Bullet Six - Bad Good
Part 7 of the series: Shooting Down Theistic Evolution
At multiple points throughout week one, God declared His work “good.” When He gathered the waters together to make dry land, God saw that it was good (verse 10). When He made plants and trees yielding seed and bearing fruit, God saw that it was good (verse 12). When He set the sun and moon to rule the day and night, God saw that it was good (verse 18). When He created fish and fowl, God saw that it was good (verse 21). When He made livestock and insects, God saw that it was good (verse 25).
As He prepared the earth for life, specifically life for His image-bearers, God pronounced His own approving evaluation of creation’s goodness. That is, God declared creation’s beauty and quality and acceptability and desirability. (As a side note, setting up the earth for life is not the same as making little-life and causing it to mutate into more complex life.)

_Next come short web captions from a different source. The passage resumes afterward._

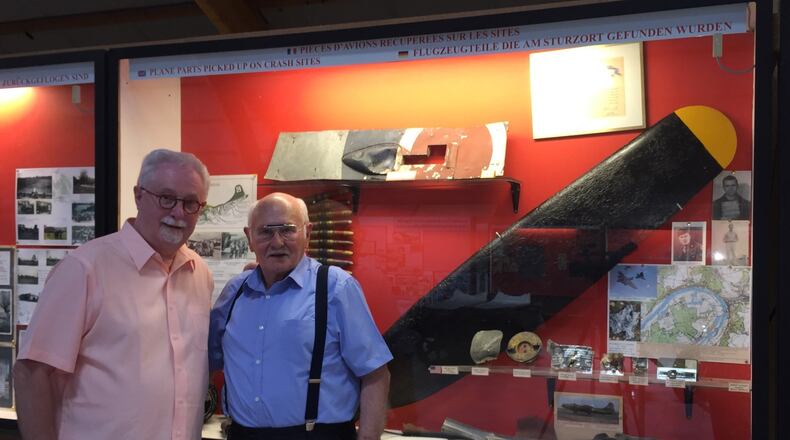 Sam Ashworth, left, a Middletown historian, visited a World War II museum four years ago operated by Jean Erisay. They're pictured in front of the display that includes a propeller off a bomber that was shot down in 1942. The propeller is being shipped from France to Middletown and will be on display in the Middletown Historical Society. SUBMITTED PHOTO.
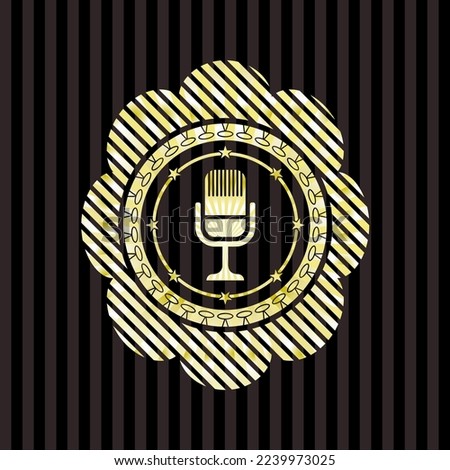 microphone icon inside golden badge. 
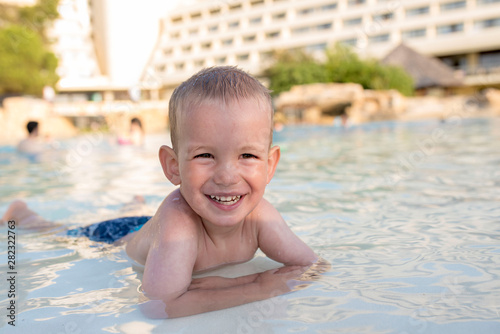 Adorable smiling boy looking at camera while having fun in outdoor swimming pool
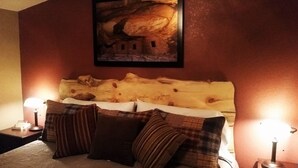Un dormitori amb un llit gran, dues taules de nit amb làmpades i un quadre amb una cova a la paret.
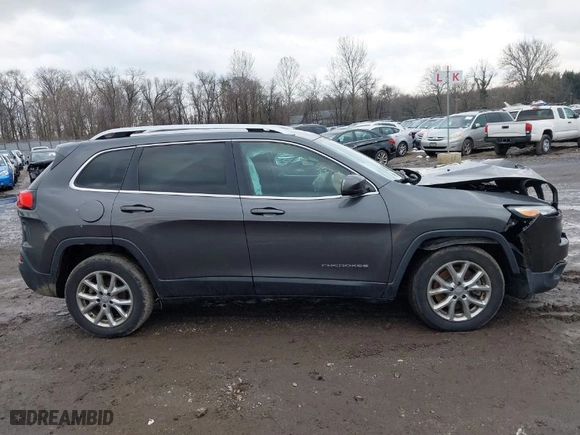 2017 Jeep Cherokee Latitude with VIN 1C4PJLCB4HW507776, listed as a IAAI auction lot 41585656 with 147,959 mi miles. Bid and sale history available at carsss.com. Image 13.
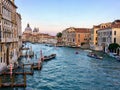 A beautiful evening view of the Grand Canal in Venice, Italy with water taxis and gondolas past by and the Santa Maria Della Salut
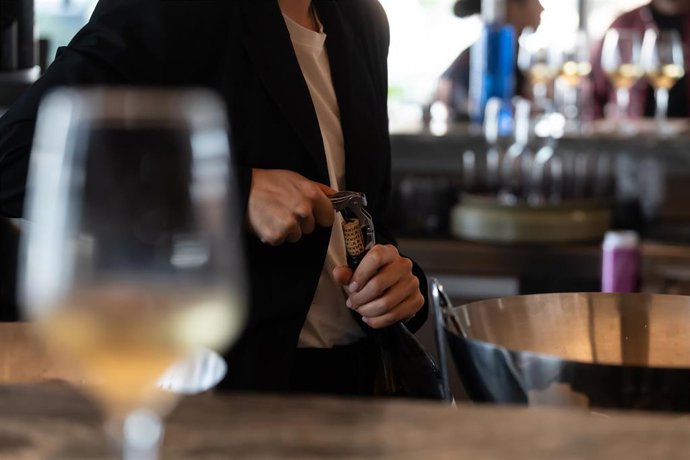 Archivo - Un camarero abre una botella de vino en Barcelona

Then, God saw everything that He had made, and behold, it was very good (verse 31). There was nothing about His creation that was deficient or defective or hurtful. So here’s the question: if killing and death prevailed on the planet, with weak and mutant and in-between-stages creatures, as evolution requires, how could God claim “everything was very good”? Theistic evolution must imply that death is an acceptable good, that as long as the fittest survive and overall progress is being made, everything is okay. But in biblical terms, that is a very bad kind of good, and really no good at all.